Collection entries
══════════

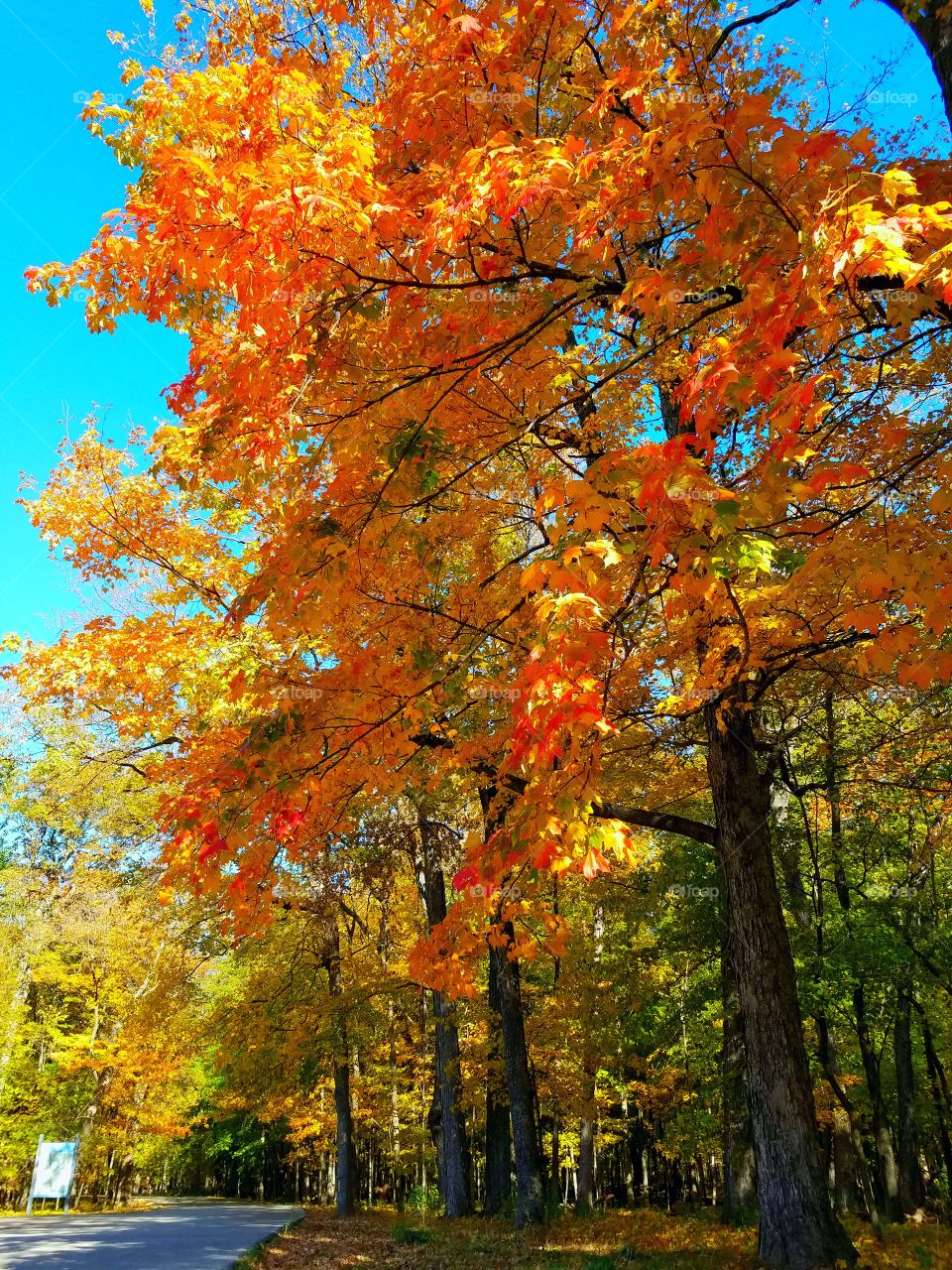 Autumn  foliage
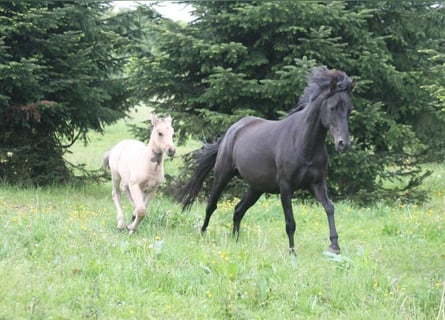 Mustang (american), Mare, 16 years, 14,3 hh, Black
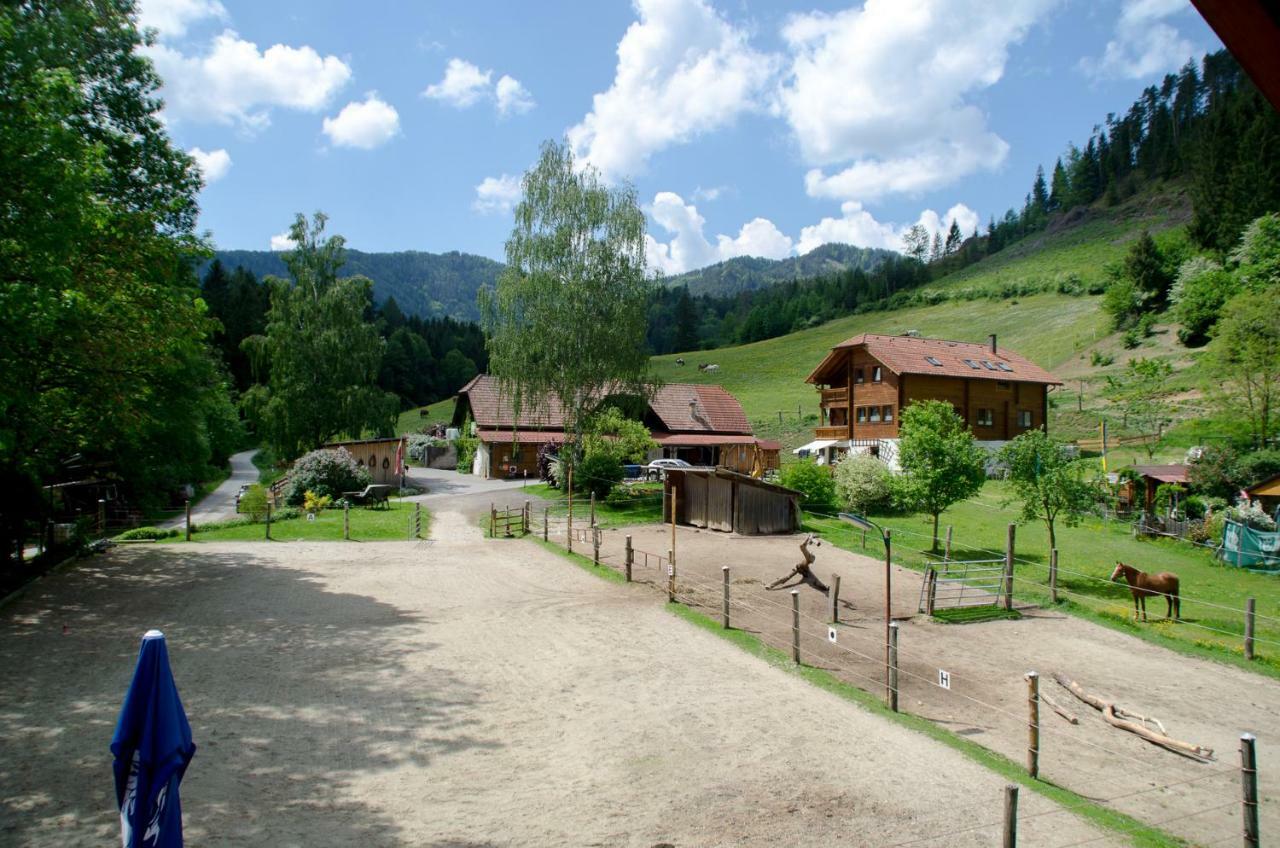 Reiterbauernhof Maho Villa Sankt Aegyd am Neuwalde Buitenkant foto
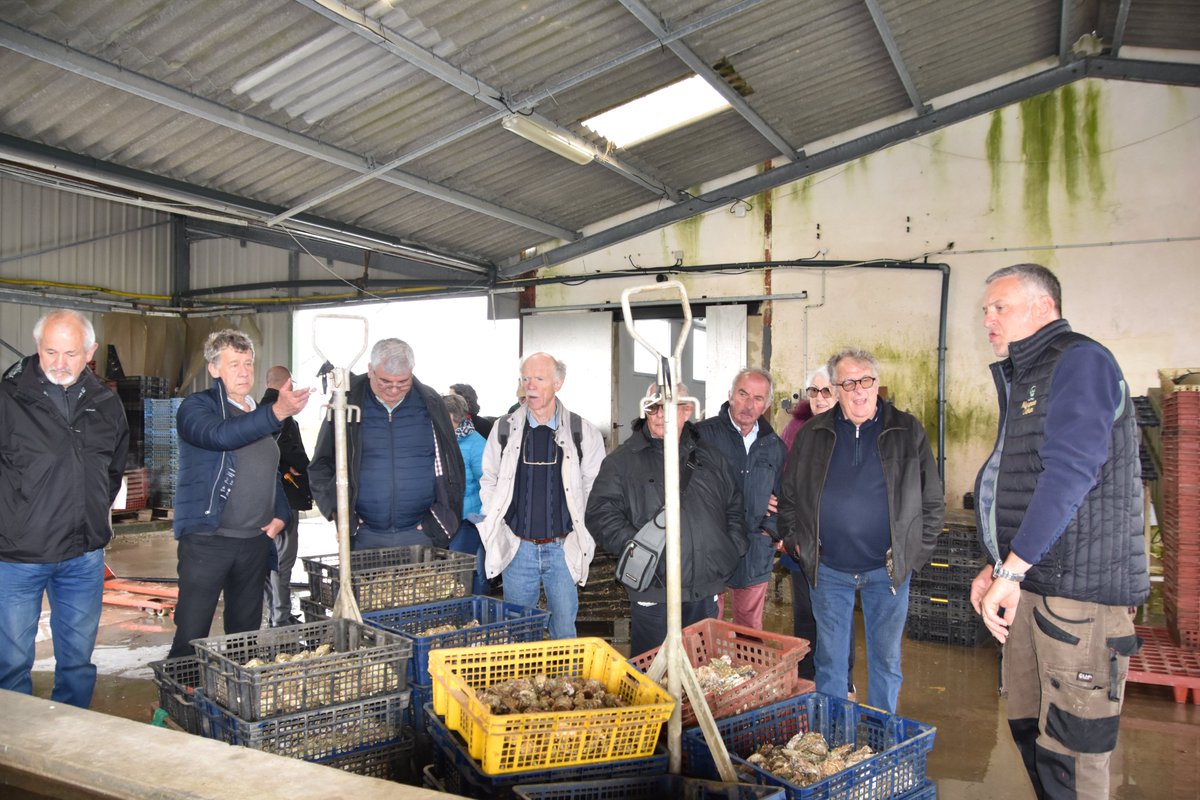 MSAdesCharentes's tweet photo. [🦪OSTRÉICULTURE🦪]

journée élus #MSAdesCharentes 

📢 Interventions sur l'emploi et la prévention 
✔️ Expérimentation escape game 🎲 "prévention"
✔️ Présentation de l'exosquelette 🦾
✔️ Présentation de l'activité 🦪

#ostréiculture #emploisaisonnier #élusMSA #exosquelette https://t.co/FJfjksjxgu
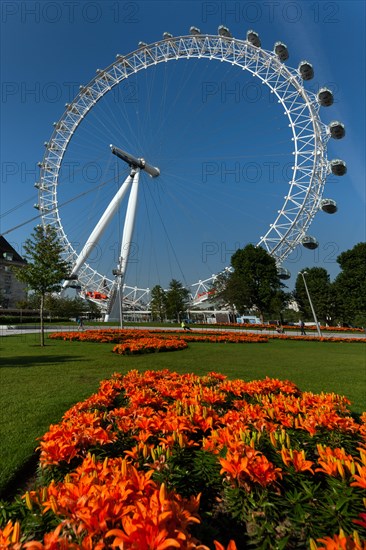 London Eye Ferris wheel behind flowers in a park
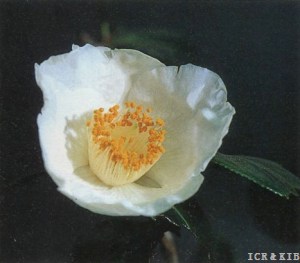 Hakumyōrenji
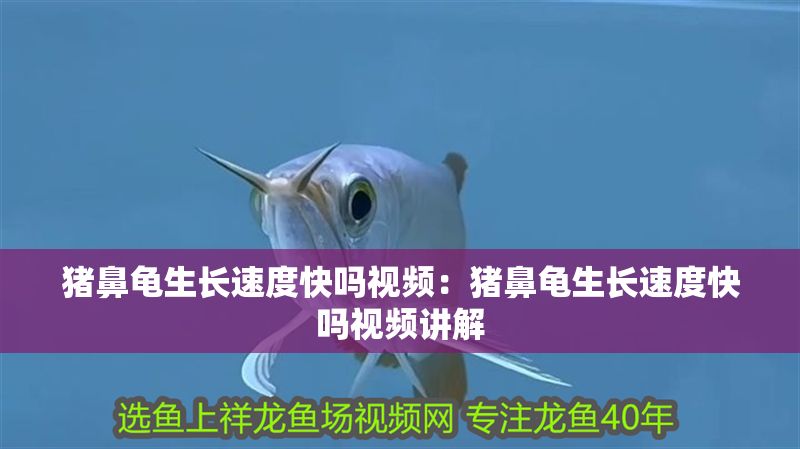 豬鼻龜生長速度快嗎視頻：豬鼻龜生長速度快嗎視頻講解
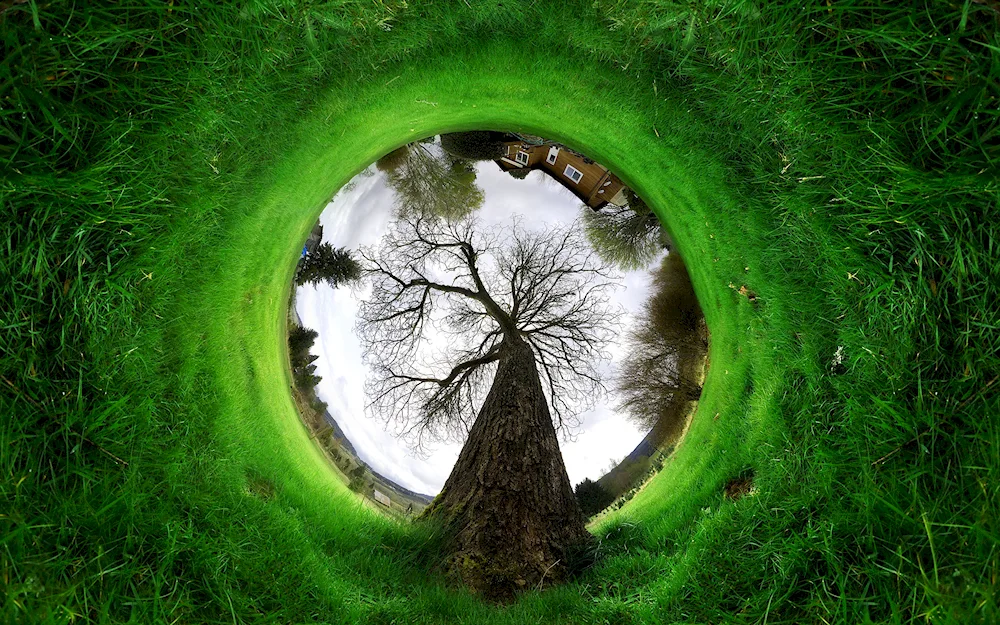 Creative landscape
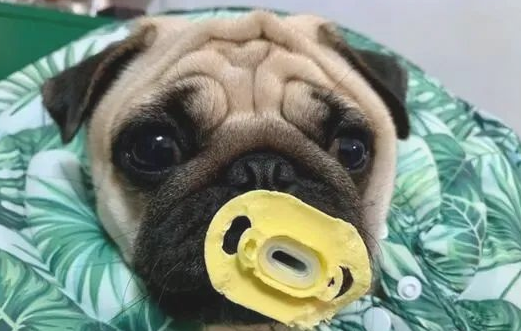 巴哥犬被塞了一个奶嘴后,結果吸着吸着早已三岁了……还没有断奶!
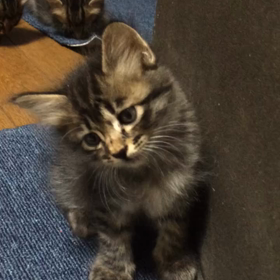 我が家に猫ちゃんが来たわけの画像
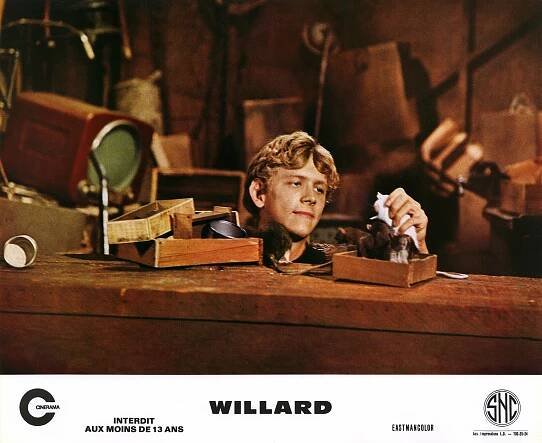 Willard (1971) | Galéria - Plagáty | ČSFD.sk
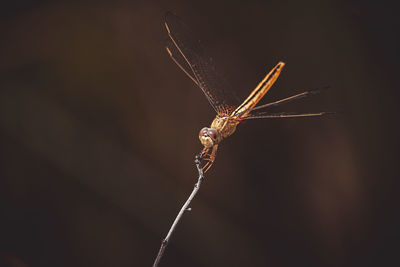 Close-up of dragonfly on twig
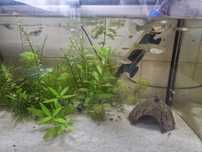 Guppy femea para venda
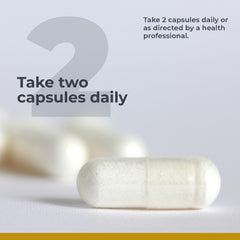 B vitamins support energy metabolism and nerve function
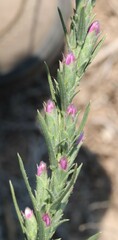 Liatris punctata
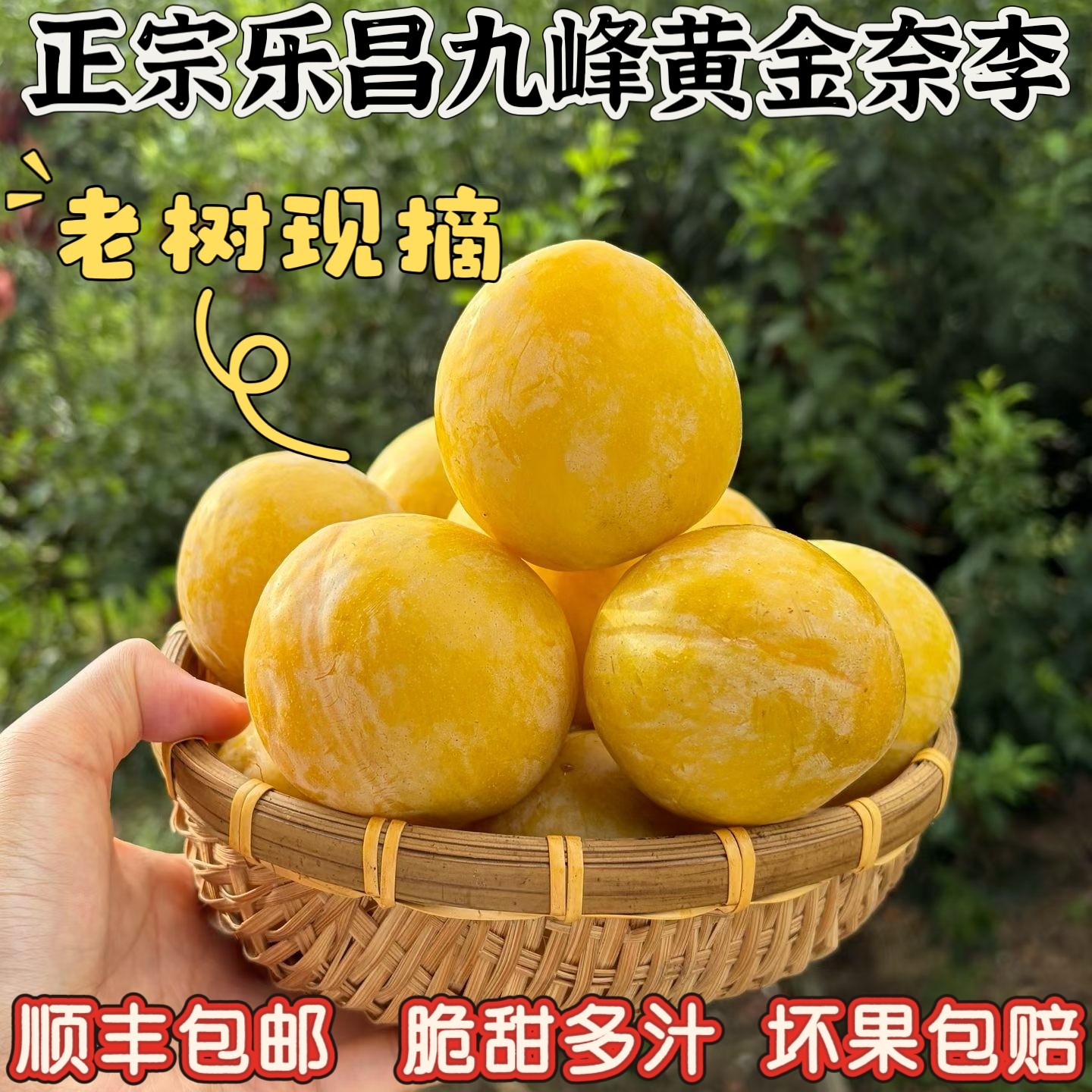 正宗乐昌九峰黄金奈李孕期蜂糖李李子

══════════

Write only the number of lines in the records that contain the string "prévention".

2